Die enge Zusammenarbeit mit dem Kreativteam ist für die Künstlerische Leiterin von zentraler Bedeutung. „Ich bin bei allen Proben dabei, um genau zu wissen, was gewollt ist. Nur so kann ich es an die Darstellenden später weitergeben“, sagt Obedekah. Auf die Frage nach den Herausforderungen des Stücks antwortet sie: „Ich sehe es aktuell nicht als Herausforderung, sondern als großes Vergnügen. Alle sind motiviert und begeistert bei der Sache. Die größte Herausforderung wird sein, das Stück frisch zu halten, damit keine Routine eintritt.“
Livemusik bedeutend für Emotionen
Frisch bleiben muss ein Musical wie „& Julia“ selbstverständlich auch auf der musikalischen Ebene. Dafür ist Philipp Gras als Musikalischer Leiter verantwortlich. „Es ist meine Aufgabe, die Musik mit der gesamten Cast zu erarbeiten. Ich probe also täglich mit den Darstellern und arbeite danach mit dem Orchester. Ich bin dafür verantwortlich, dass die musikalische Qualität während des gesamten Produktionszeitraums erhalten bleibt“, erläutert der erfahrene Musiker, der auch „Hamilton“ im Operettenhaus musikalisch verantwortet hat.

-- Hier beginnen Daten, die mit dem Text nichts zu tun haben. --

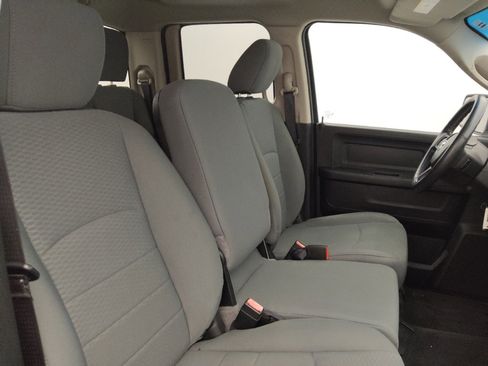 Used 2018 RAM 1500 Express RWD image 21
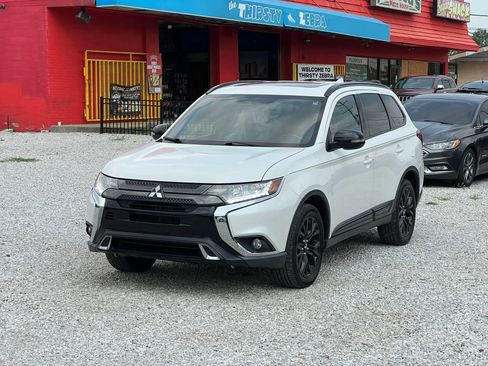 Used 2019 Mitsubishi Outlander SEL AWD/4WD image 3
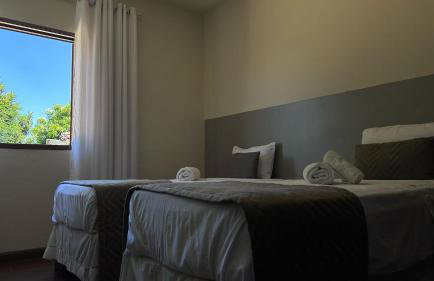 Casa com Piscina no Centro - 13 pessoas - Churrasqueira - Elegante - Foto 62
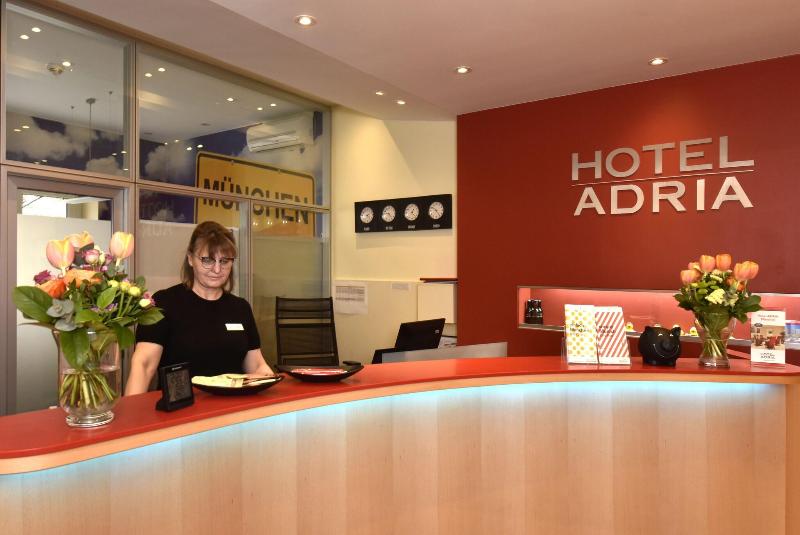 Hotel ADRIA Munich - Lobi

Ein zentrales Thema in Gras’ Erläuterungen ist die Besonderheit eines Jukebox-Musicals. „Die Zuschauer haben hohe Erwartungen, denn sie kommen mit einem bestimmten Bild der Songs im Kopf. Die Herausforderung besteht darin, diese Erwartungen zu erfüllen, während wir gleichzeitig neue Arrangements präsentieren“, betont er. Die Darstellerinnen und Darsteller sowie das Orchester arbeiten daran, die Songs in einem neuen Licht erscheinen zu lassen, was für das Publikum sowohl vertraut als auch überraschend sein soll.
Ein weiterer wichtiger Punkt für Philipp Gras ist die Bedeutung von Livemusik in der Produktion. „Es macht einen großen Unterschied, ob die Musik live gespielt wird oder aus der Konserve kommt, weil Livemusik das Publikum auf eine Weise berührt, die eine Konserve niemals erreichen kann. Selbst wenn live gespielte Musik mal nicht perfekt ist, macht sie emotional etwas mit dem Publikum“, erklärt er leidenschaftlich.
Alte Geschichte aus neuem Blickwinkel erzählt
Mit einem Mix aus einer einzigartigen und innovativen Herangehensweise an ein bekanntes Werk wie „Romeo und Julia“ und der Kraft mitreißender Musik, starken Charakteren und einer energiegeladenen Inszenierung, könnte die Show wie schon in New York und London auch in Hamburg ein Erfolg werden. Julias neue Geschichte wird getragen von weltbekannten Pop-Hits, doch das Stück ist keinesfalls nur eine weitere platte Jukebox-Show. Denn obwohl Songs von Kelly Clarkson, Celine Dion, den Backstreet Boys, Katy Perry und Britney Spears zu hören sind, wurden diese nicht wahllos zusammengestellt, sondern stammen alle aus der Feder desselben Komponisten: Max Martin.
„Es ist eine anspruchsvolle Partie, und ich habe Respekt vor den Songs, die so viele Menschen aus dem Radio kennen“, sagt Romeo-Darsteller Raphael Groß. Andreas Bongard, der William Shakespeare spielt, freut sich, dass das Stück eine alte Geschichte aus einem neuen Blickwinkel erzählt. „Außerdem hat mich als Millennial, genauso wie eine ganze Generation, die grandiose Musik von Max Martin geprägt“, berichtet der Darsteller.